# Waves, cracks, and nail pops in ceiling. Should I be concerned?



## joecaption (Nov 30, 2011)

Only the second picture is showing anything.
For sure anyone looking to turn a house is going to find the lowest bidder or do it there self.
Just looks like lack of enough screws or a really poor tape job.
To fix the old tape needs to be cut out and be redone.


----------



## SPS-1 (Oct 21, 2008)

Of course it could be your structure moving, but if you can see the joints in your bathroom and hall, then the guys who put in the drywall were not professionals.

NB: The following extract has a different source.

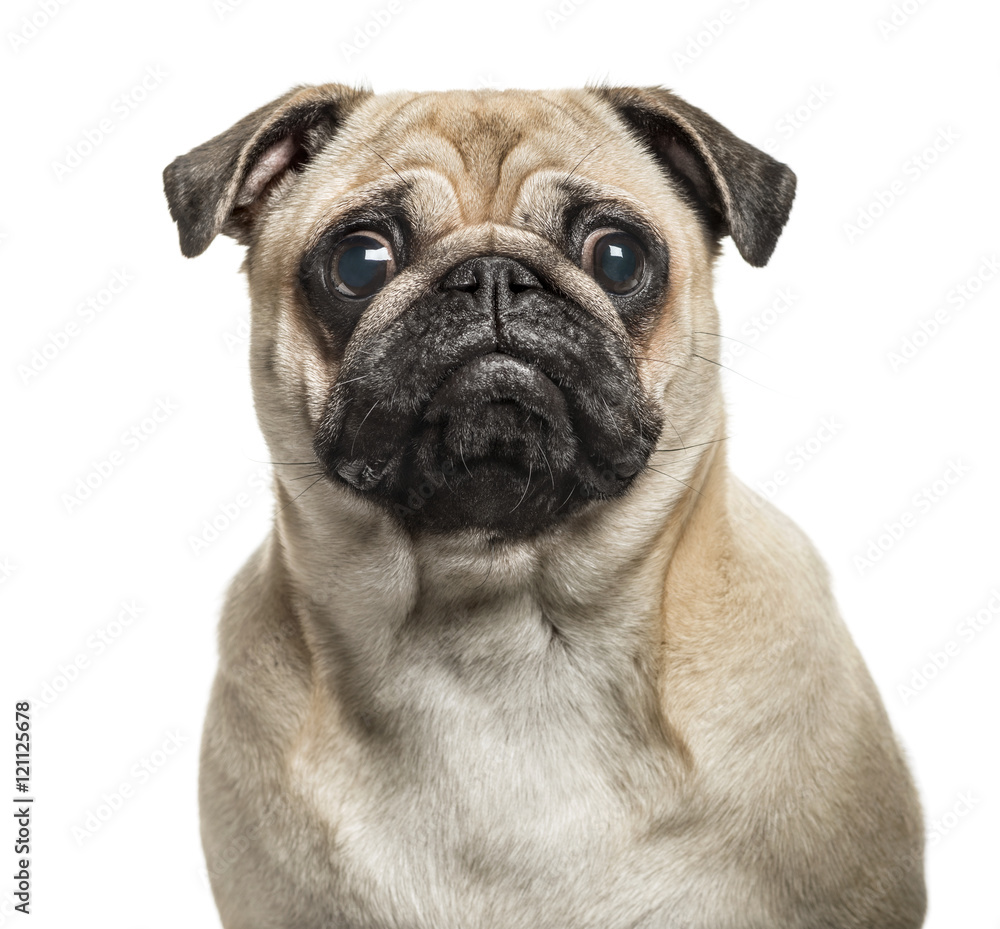 Close-up of Pug looking at camera, isolated on white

That is more likely the issue.

Some would also say that 5/8" (rather than 1/2") drywall is preferred for ceilings. (assuming joists are on no more that 16" centers)

..and are those nail pops or screw pops ?


----------



## joecaption (Nov 30, 2011)

I took a second look and agree.
If they cheaped out and used 1/2" instead of 5/8, nails instead of screws, someone used the attic for storage and there only 2 X 4 joist then this is the type of damage you can expect.


----------



## zolakk (Nov 28, 2012)

Thanks everyone for the input so far, I appreciate it. So it sounds far more likely to be poor work vs a structural problem and I don't see any cracks on any of the exterior walls on the inside or stucco on the outside. As far the the first and third pic not showing anything, I circled the trouble spots for clarification, the "waves" seem to follow the trusses and are at regular intervals (20ish inches apart eyballed) across the rooms where it is showing and i've noticed them for a while, the cracks i've just recently noticed. I noticed a crack last night along the bottom "wave" i've circled too and I wouldn't be surprised to find a seam there. I believe they used nails, I don't have a ladder tall enough to get to the ones in the picture (it's an 18' vaulted ceiling) but I found a pop nearer to the floor and it is definitely a nail.


----------